Atopic Dermatitis in Israeli Adolescents – A Large Retrospective Cohort Study
Yonit Wohl, Julio Wainstein, Yosefa Bar-Dayan
Prevalence of atopic dermatitis (AD) has been studied mainly in infants and young children. Surveys on AD in adolescents and adults are based largely on self-reported questionnaires and cohorts of different ages, precluding meaningful comparisons and conclusions. We aimed to provide data on the prevalence of AD and its relation to demographic factors in adolescents.
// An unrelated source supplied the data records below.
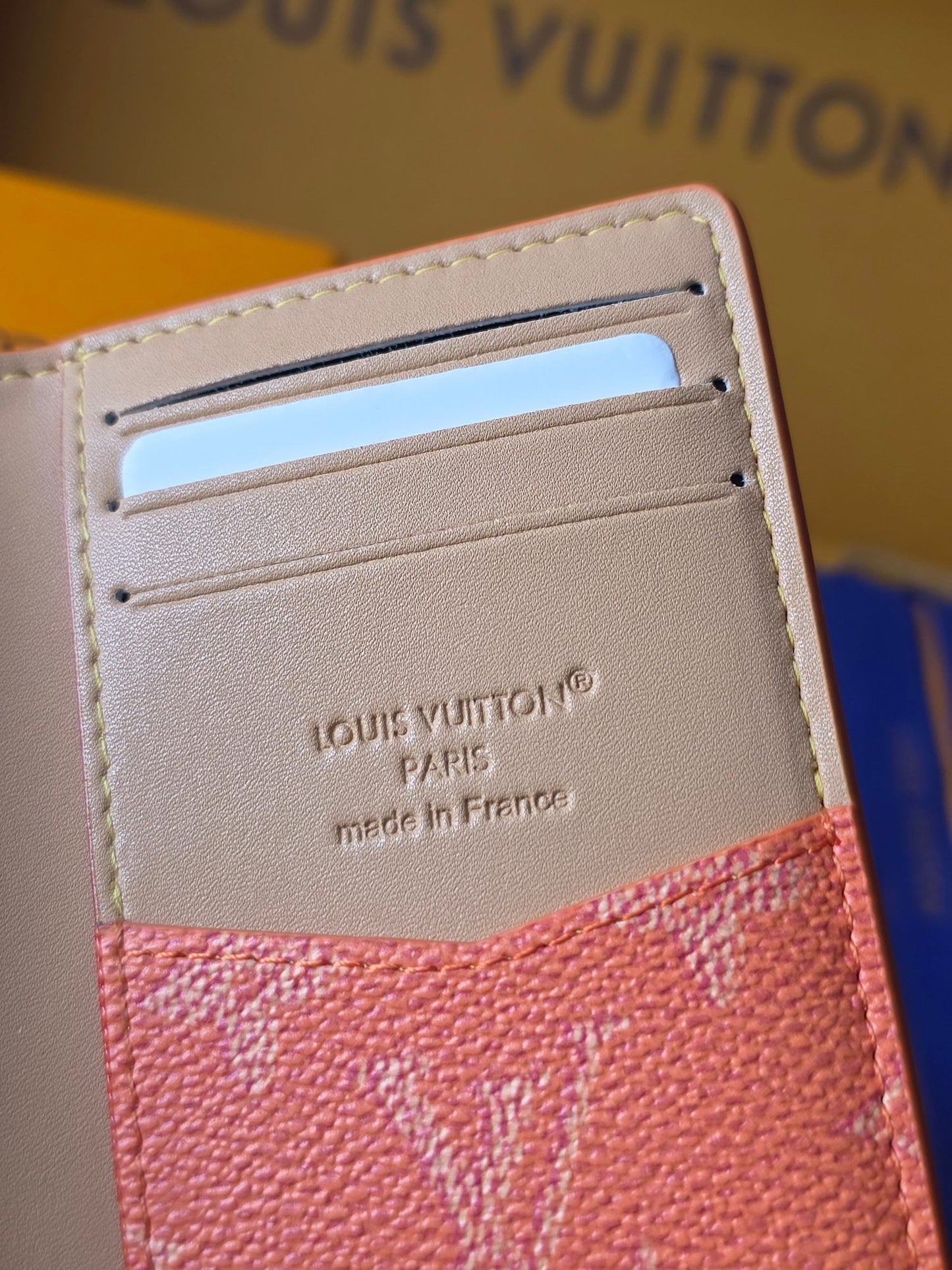 25FW NEW Pocket Wallet Card Holder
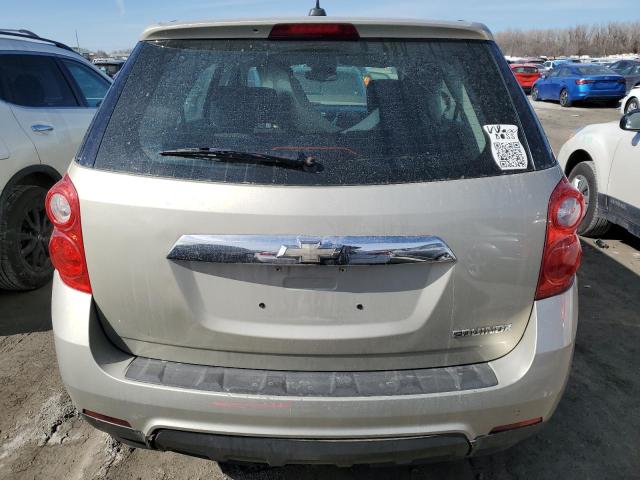 2015 Chevrolet Equinox Ls VIN: 2GNALAEK9F1102283 Lot: 44534344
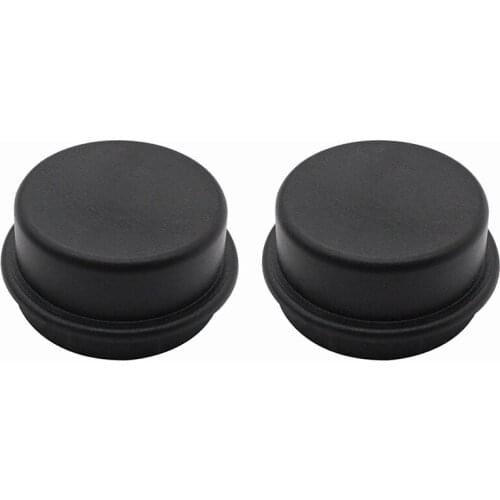 Golf Cart Accessories 2Pcs 102353201 Front Hub Dust Cap Cover Plastic for Club Car DS Golf Cart Spindle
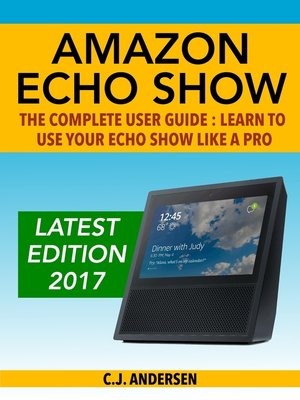 cover image of Amazon Echo Show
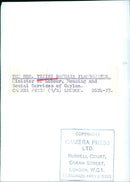 Hon. Tikiri Bandara Ilangaratne, Minister of Labour, Housing and Social Services of Ceylon - Vintage Photograph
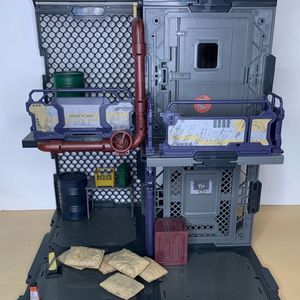 Outpost Diorama Building Set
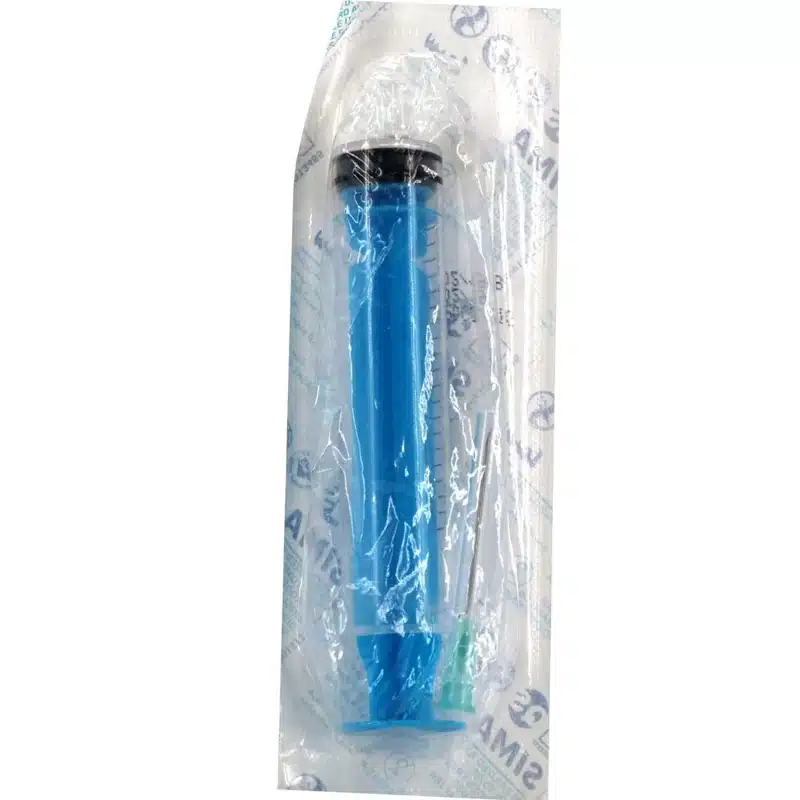 سرنگ 20 سیسی پیستوندار سیما 1 سرنگ 20 سیسی پیستوندار سیما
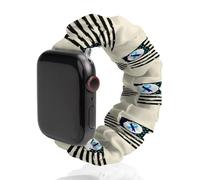 Suicide Prevention U.S. Flag Smartwatch Replacement Band Compatible with IWatch Soft Elastic Wristbands Watch Strap 38mm/40mm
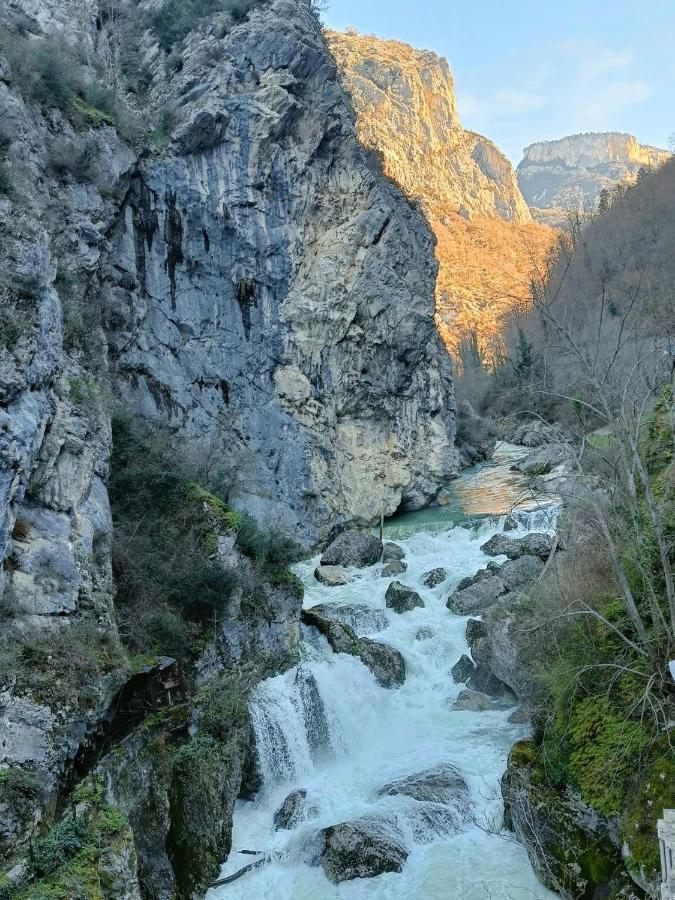 Le Perchoir Du Vercors - Panorama Sur Les Cimes Saint-André-en-Royans 외부 사진
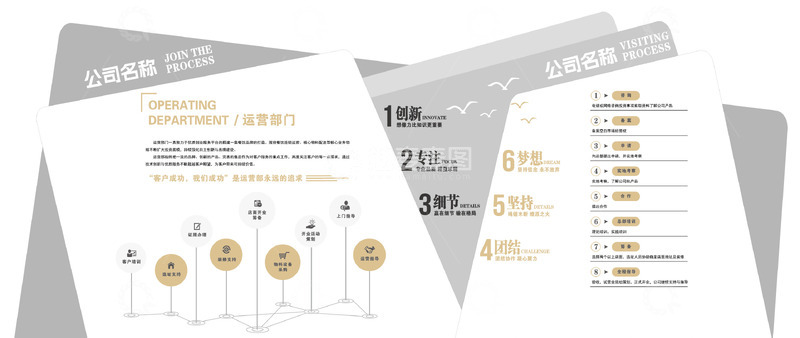 公司形象墙设计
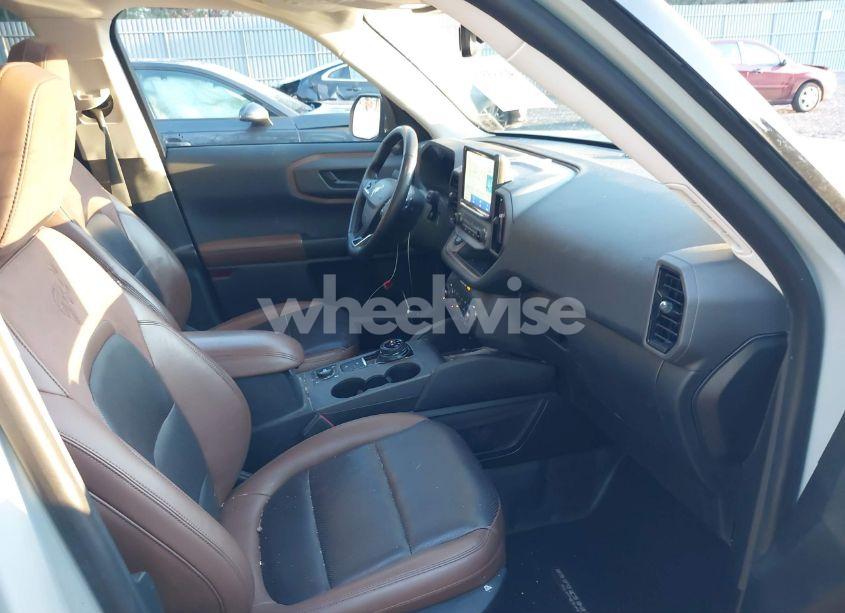 Photo 5 of 2021 Ford Bronco SPORT BADLANDS (VIN 3FMCR9D92MRA77048)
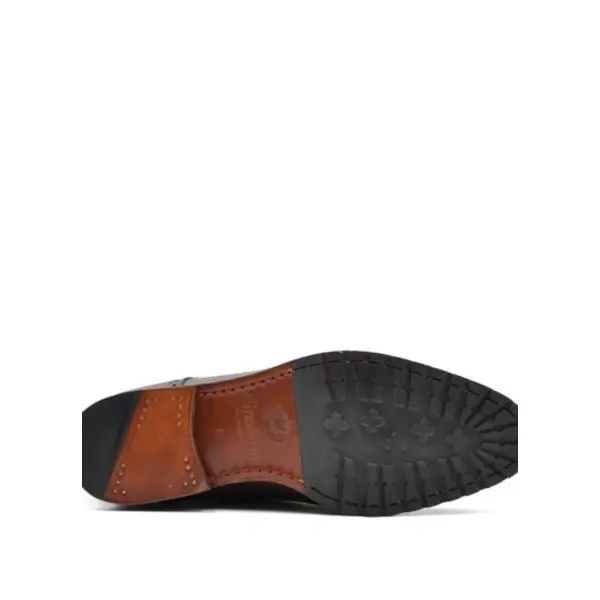 Bottines RAMSEY Grainé Marron - Finsbury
A large database of youths eligible for military service was searched for subjects one year before service at the age of 18. Parameters included country of origin, age of immigration to Israel, education, and presence and severity of AD. AD rose 3-fold for both genders over the study period 1998–2008 (0.4–1%). The increase was higher in females (0.5–1.2%) than males (0.3–0.9%). Mild and moderate disease was higher in females than males. Severe AD was rarely noted. Russian (OR = 1.47), Asian (OR = 1.15) and Euro-American (OR = 1.26) origins had highest association with AD. Immigrants after age 7 had higher association with AD than Israeli-born subjects and immigrants before age 7 (1.88 vs. 1.33). More years of education was significantly associated with high prevalence of AD. The increased prevalence of AD during the 11-year period underscores the need for awareness of the condition in this population, in which AD affects health and quality of life.